Source data section start

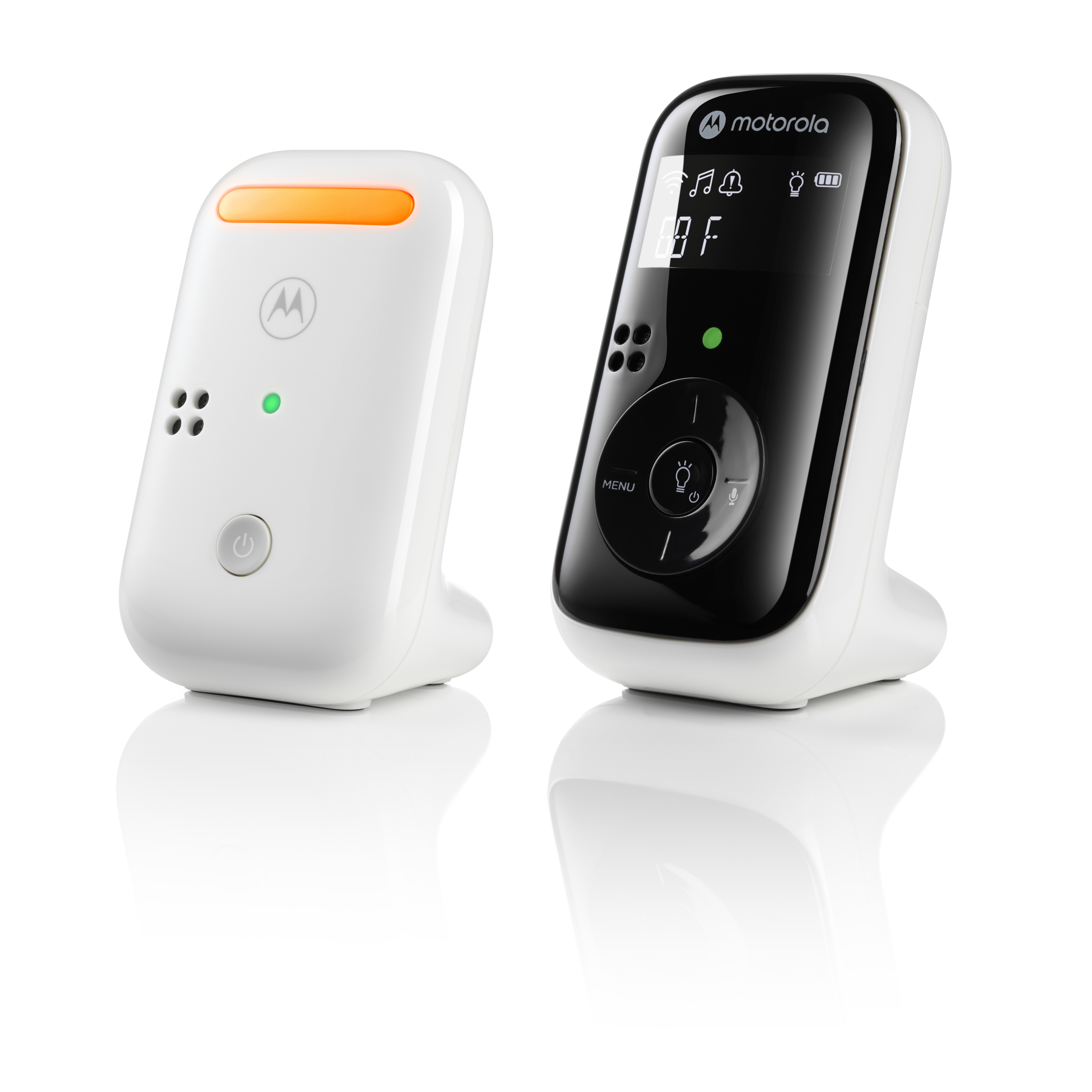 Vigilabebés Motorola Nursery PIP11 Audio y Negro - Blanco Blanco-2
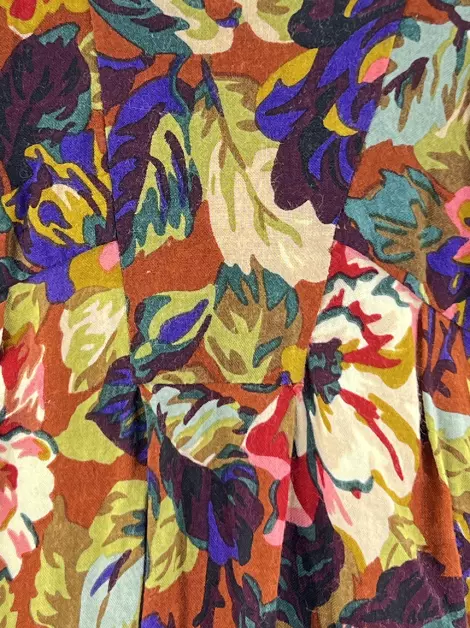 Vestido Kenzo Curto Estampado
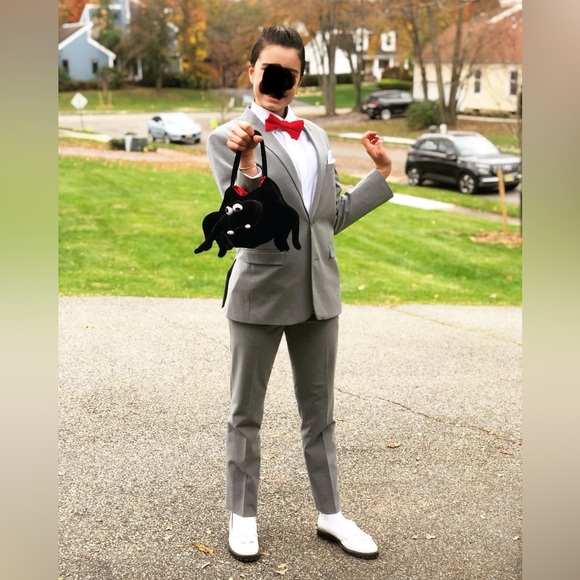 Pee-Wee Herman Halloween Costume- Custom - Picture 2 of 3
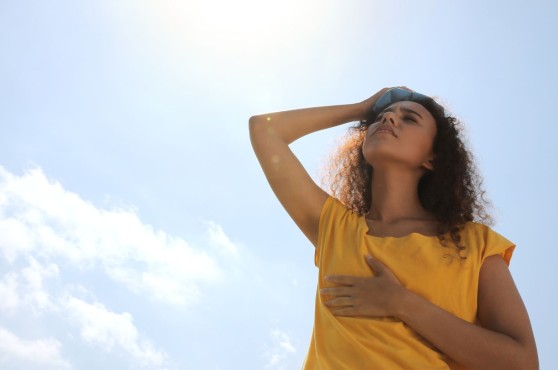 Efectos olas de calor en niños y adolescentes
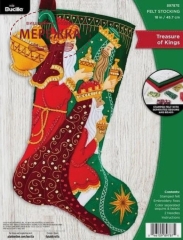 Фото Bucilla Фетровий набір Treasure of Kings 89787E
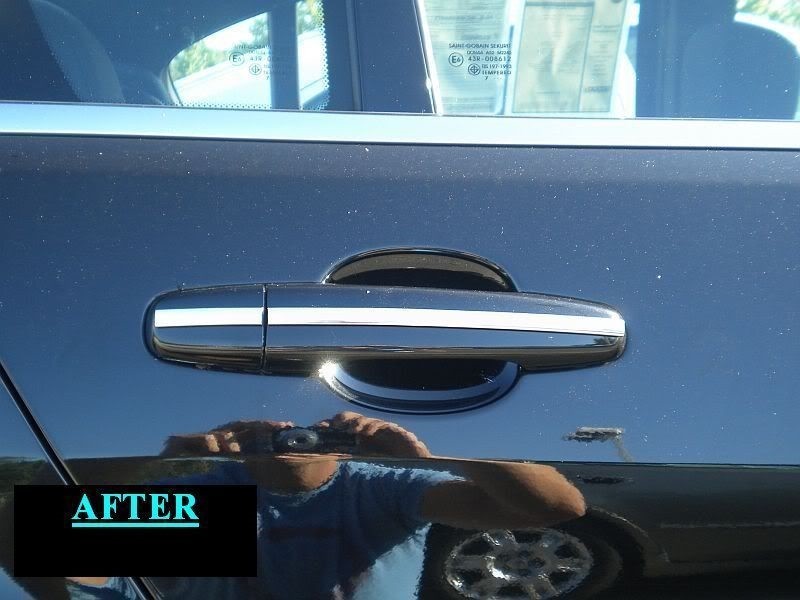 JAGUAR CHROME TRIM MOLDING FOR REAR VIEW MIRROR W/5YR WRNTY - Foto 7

Source data section end
Source data section start

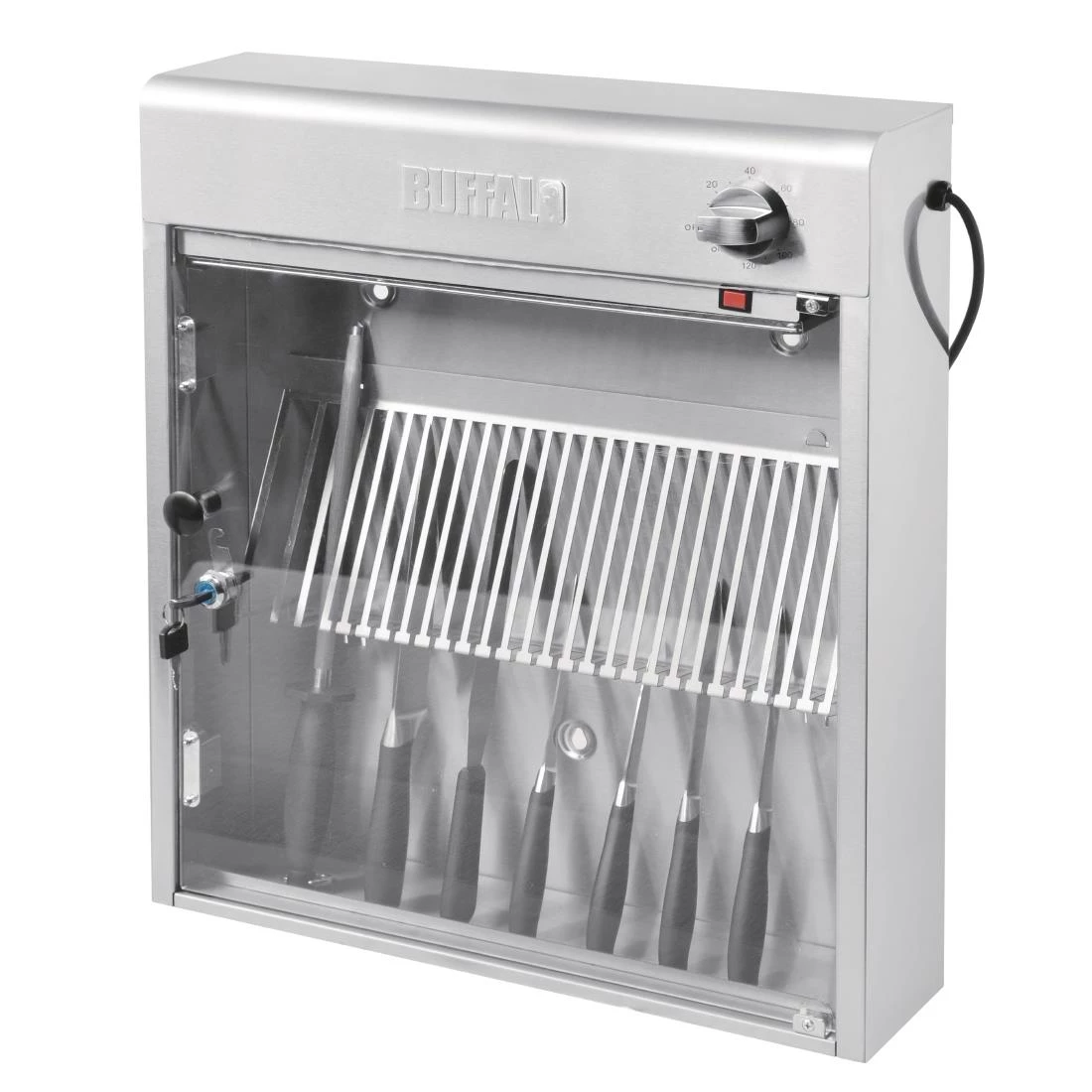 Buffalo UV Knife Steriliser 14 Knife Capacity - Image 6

Source data section end
Source data section start

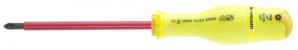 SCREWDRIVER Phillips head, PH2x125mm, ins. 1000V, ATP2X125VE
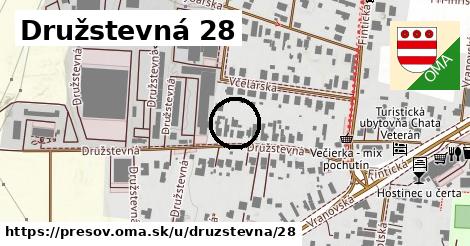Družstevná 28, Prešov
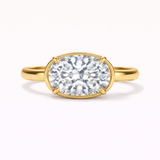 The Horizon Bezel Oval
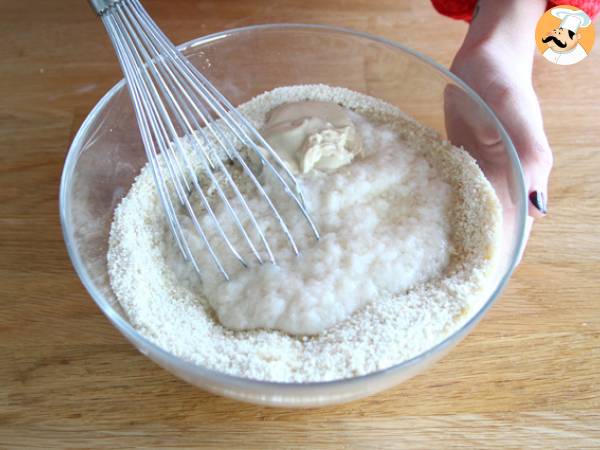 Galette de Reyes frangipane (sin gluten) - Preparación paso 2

Source data section end

Beginning at the line that has "The Horizon Bezel Oval" and ending at the line that has "Galette de Reyes", restate the listing above word for word, pictures left out.

 The Horizon Bezel Oval
 Galette de Reyes frangipane (sin gluten) - Preparación paso 2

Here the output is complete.